Following this protracted prologue, it does pick up momentum. The heroine Tirzah, the youngest of four daughters born to a poor family, is reluctantly married off to a wealthy fishmonger (an effectively understated Matthew Woodyatt) 20 years her senior. Dried sea bream hanging above the bed is a real passion killer and she is unable to conceive a child (though she does seem to be an attentive stepmother). On her 30th birthday, she receives a letter and a bouquet of jasmine from an anonymous admirer. Donning a white dress and letting down her long hair from its plaits is only the start of her transformation.
Sensuality is so difficult to pull off onstage and this show happily stays on the right side of kitsch. Daniel’s transformation from downtrodden housewife to sensual being, exemplified by her passionate belly dancing, is mesmerising to watch. Joaquin Pedro Valdes is commanding as the Lover who exists only in Tirzah’s mind and gets the evening’s take-home number, “Dance for Me”. He wears a fedora and loiters in the shadows like the Phantom of the Opera, and I was also reminded of Sigmund Romberg’s (probably unrevivable) operetta The Desert Song, in which the heroine is romanced by the mysterious ‘Red Shadow’.

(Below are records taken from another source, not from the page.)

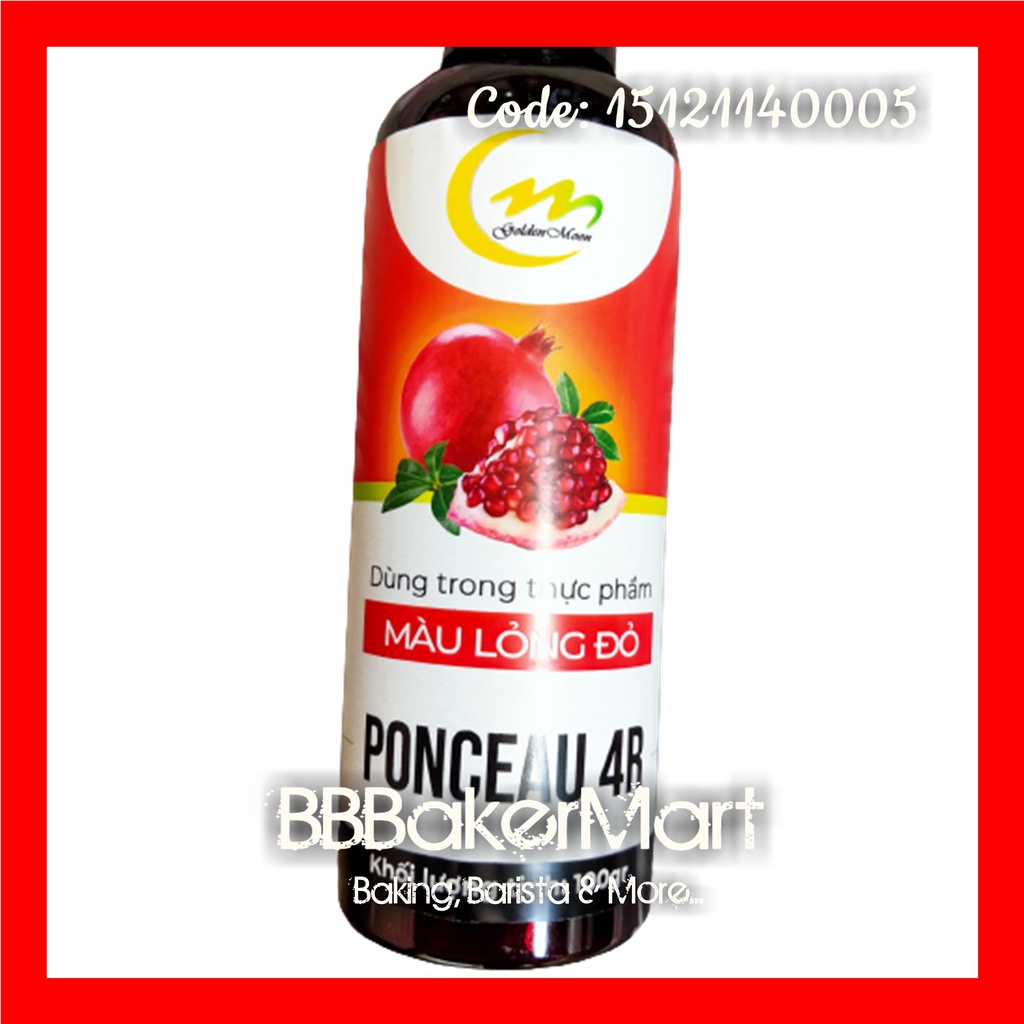 Màu nước thực phẩm ĐỎ PONCEAU - Chai 100gr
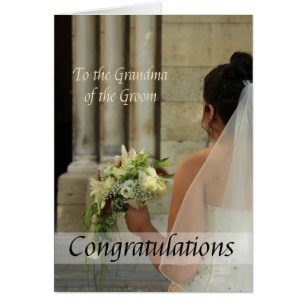 Mormor på bröllop grattisar OBS kort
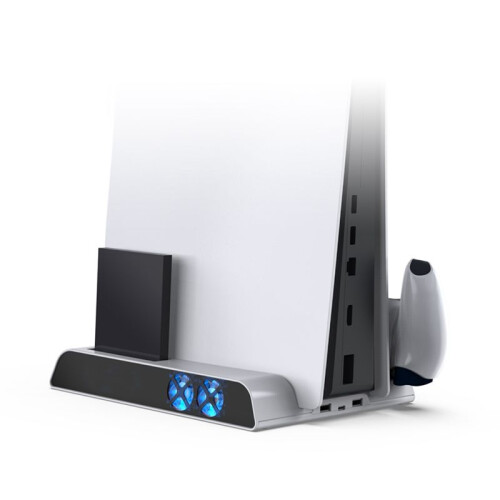 For PS5/Slim/Pro Multi-Function Cooling Base with Dual Wireless Controller Charger Mobile Hard Disk Storage Rack 1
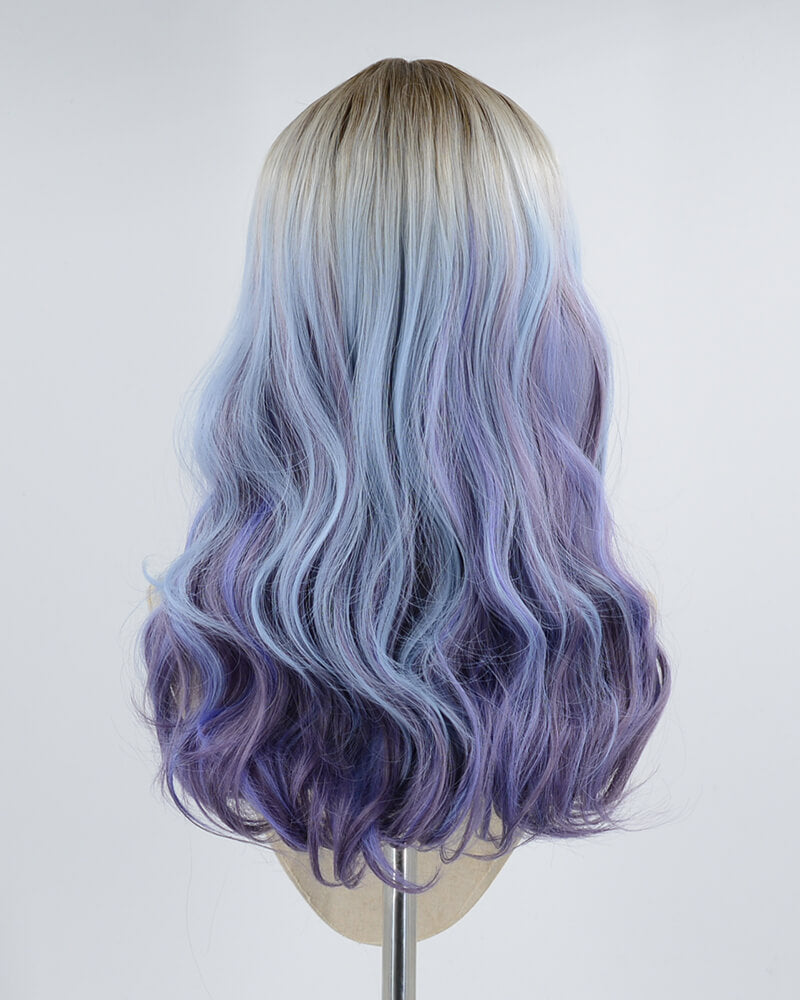 Ombre Blue Purple Synthetic Wig HW196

It’s such an animated production and the onstage band comprising Ramon Ruiz (flamenco guitar), Amy Price (violin), Ashley Blasse (upright bass), Daniel Gouly (clarinet) and Ant Romero (percussion) are very much part of the activity. The invigorating klezmer and flamenco score, while to a considerable extent relying on repeated phrases, is further enlivened with its whirl of skirt- and shawl-ography, choreographed by Billy Mitchell.
It’s possible to draw parallels with similarly non-traditional musical Hadestown due to the folkloric elements and cross-cultural influences. And, like that show, the book is the weakest element, requiring more meat on its bones to fully satisfy narratively. The story could also probably be comfortably told in 90 minutes without an interval. However, if one leaves the theatre wanting to dance, a musical has done its job, and the physicality of this show certainly hits the mark.